## [Work item]
Please return the listing below exactly, without any of its pictures.
⟨
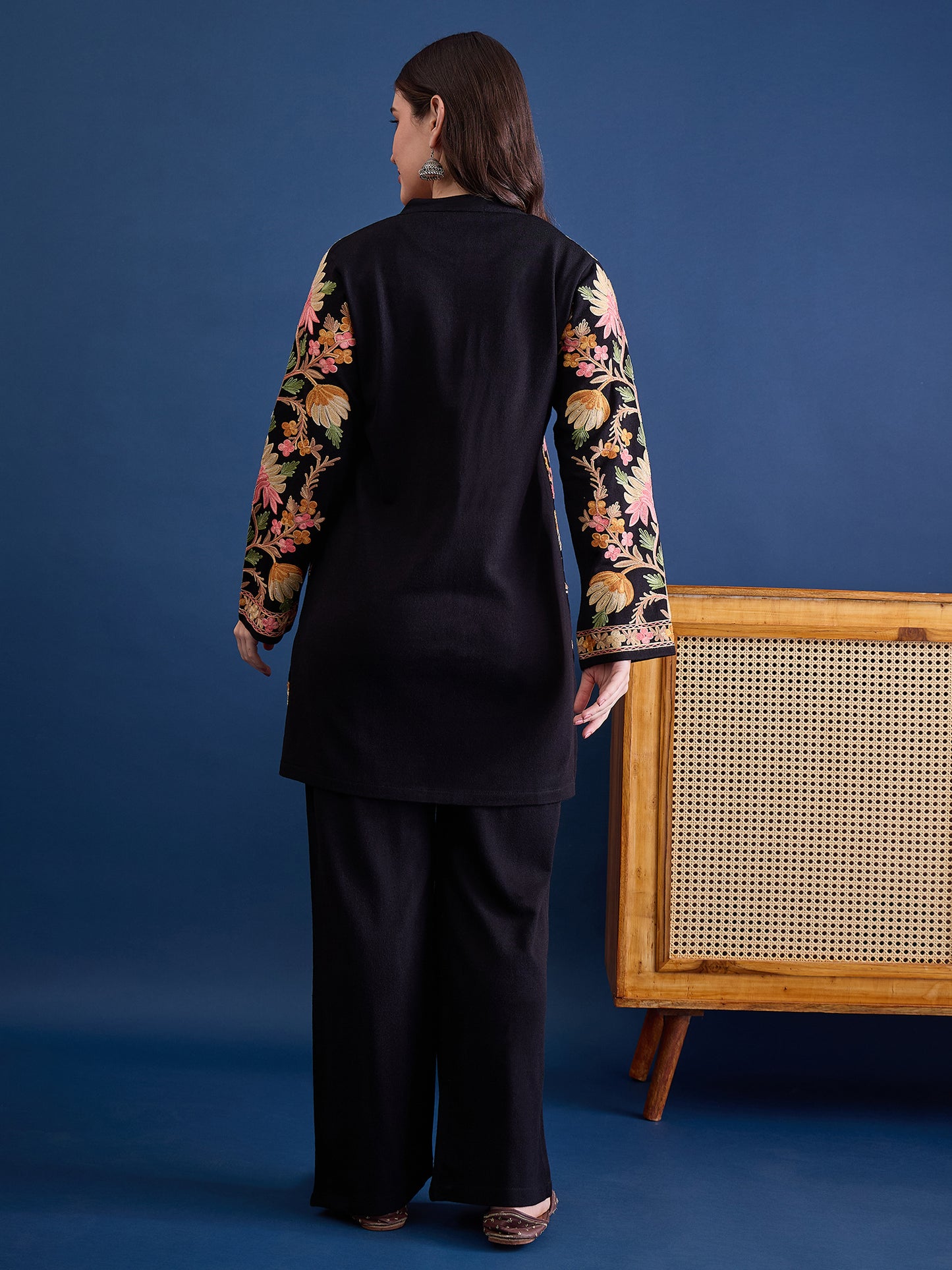 Women’S Embroidered Woolen Kurta With Straight-Fit Pants Co-Set Black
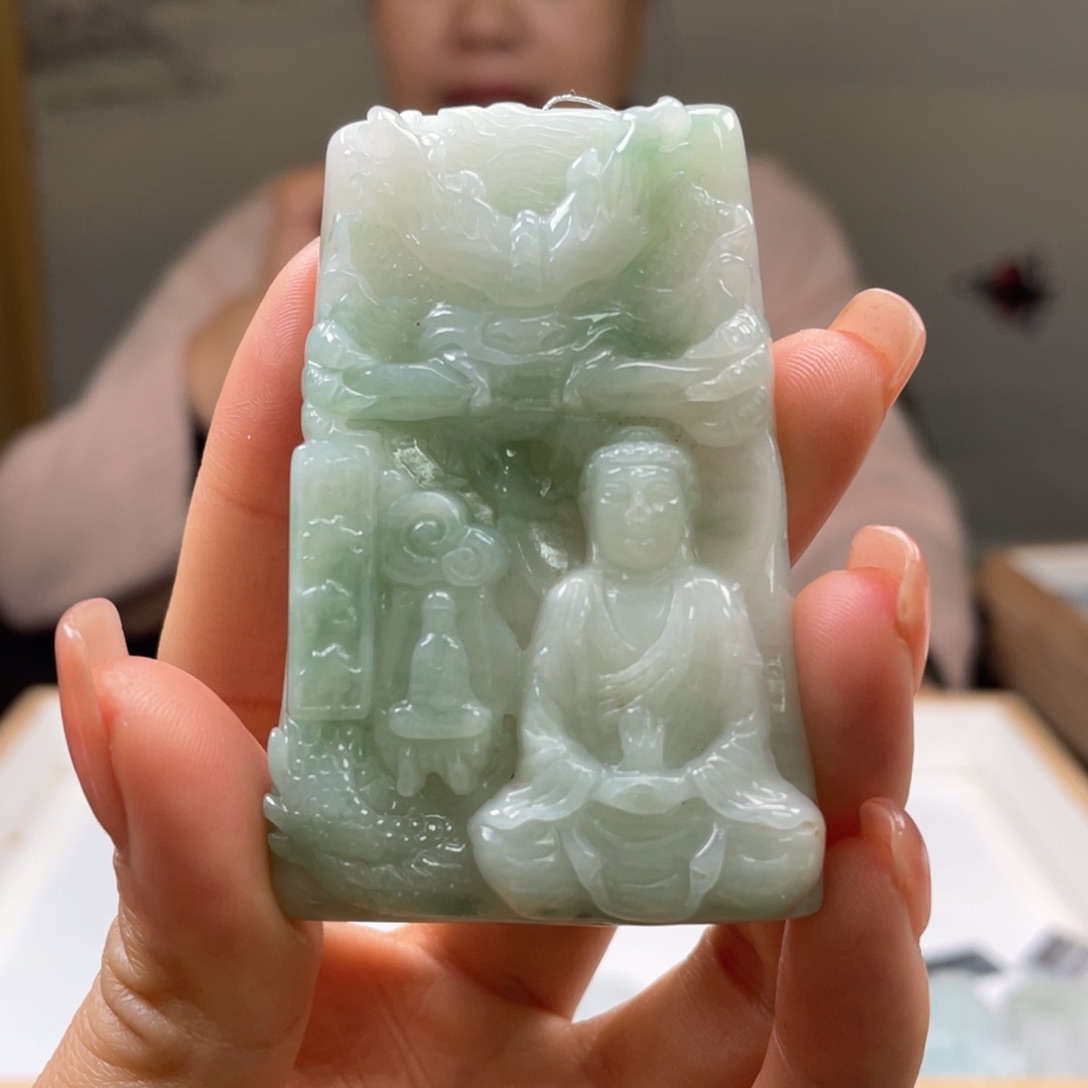 翡翠吊坠(不含链)未镶嵌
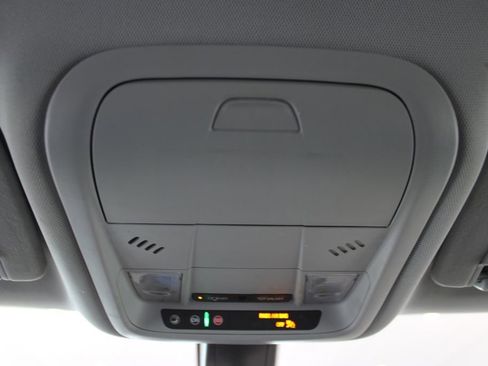 Used 2020 Chevrolet Blazer LT w/ LPO, Floor Liner Package FWD image 34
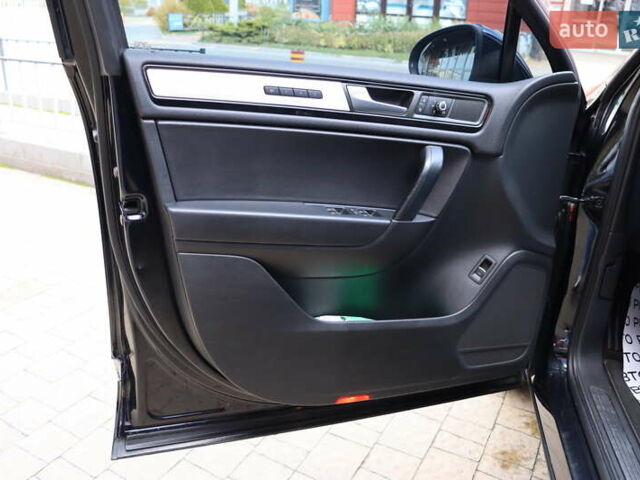 Черный Фольксваген Туарег, объемом двигателя 3 л и пробегом 284 тыс. км за 17800 $, фото 11 на Automoto.ua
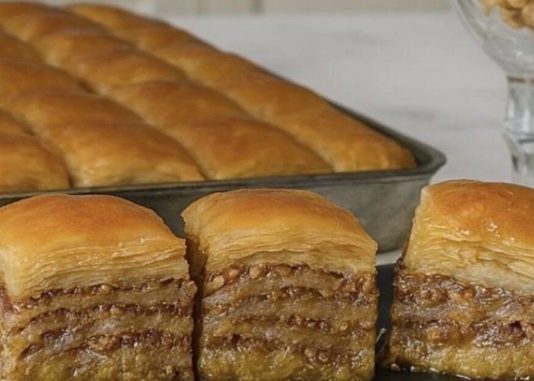 BAKLAVA SA ORASIMA I GOTOVIM KORAMA…Bogata sočna i aromatična savršena za ljubitelje tradicionalnih kolača… BAKLAVA SA ORASIMA I GOTOVIM KORAMA…Bogata sočna i aromatična savršena za ljubitelje tradicionalnih kolača… - featured image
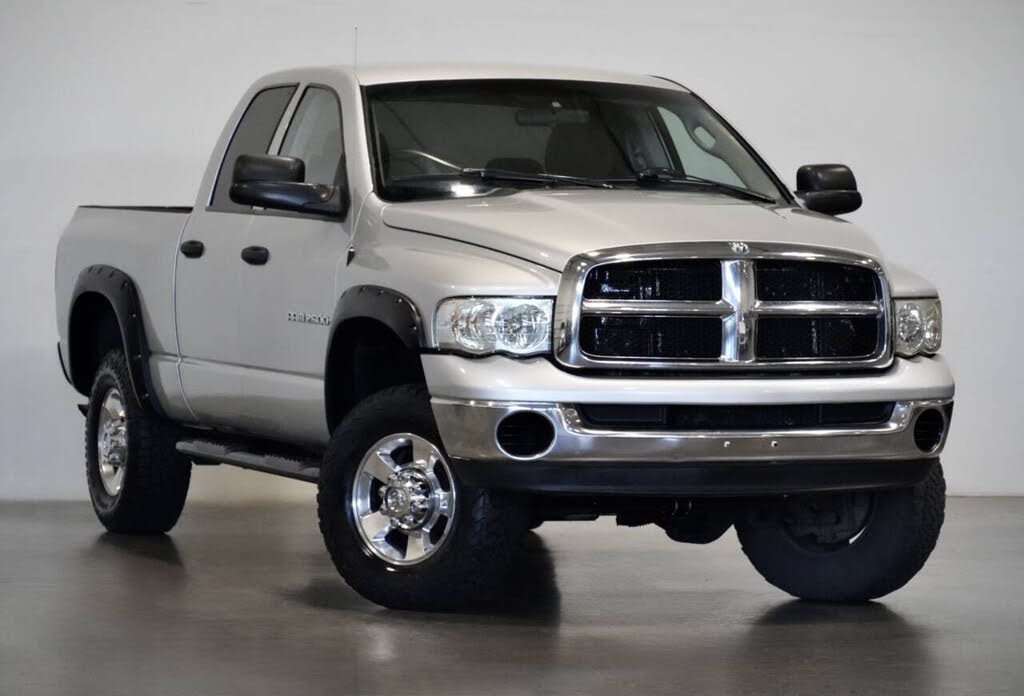 2004 Dodge Ram Pickup 2500 SLT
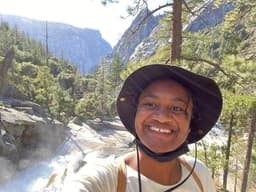 Instructor Hope S. profile Card Image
⟩
## [Response box]
 Women’S Embroidered Woolen Kurta With Straight-Fit Pants Co-Set Black
 翡翠吊坠(不含链)未镶嵌
 Used 2020 Chevrolet Blazer LT w/ LPO, Floor Liner Package FWD image 34
 Черный Фольксваген Туарег, объемом двигателя 3 л и пробегом 284 тыс. км за 17800 $, фото 11 на Automoto.ua
 BAKLAVA SA ORASIMA I GOTOVIM KORAMA…Bogata sočna i aromatična savršena za ljubitelje tradicionalnih kolača… BAKLAVA SA ORASIMA I GOTOVIM KORAMA…Bogata sočna i aromatična savršena za ljubitelje tradicionalnih kolača… - featured image
 2004 Dodge Ram Pickup 2500 SLT
 Instructor Hope S. profile Card Image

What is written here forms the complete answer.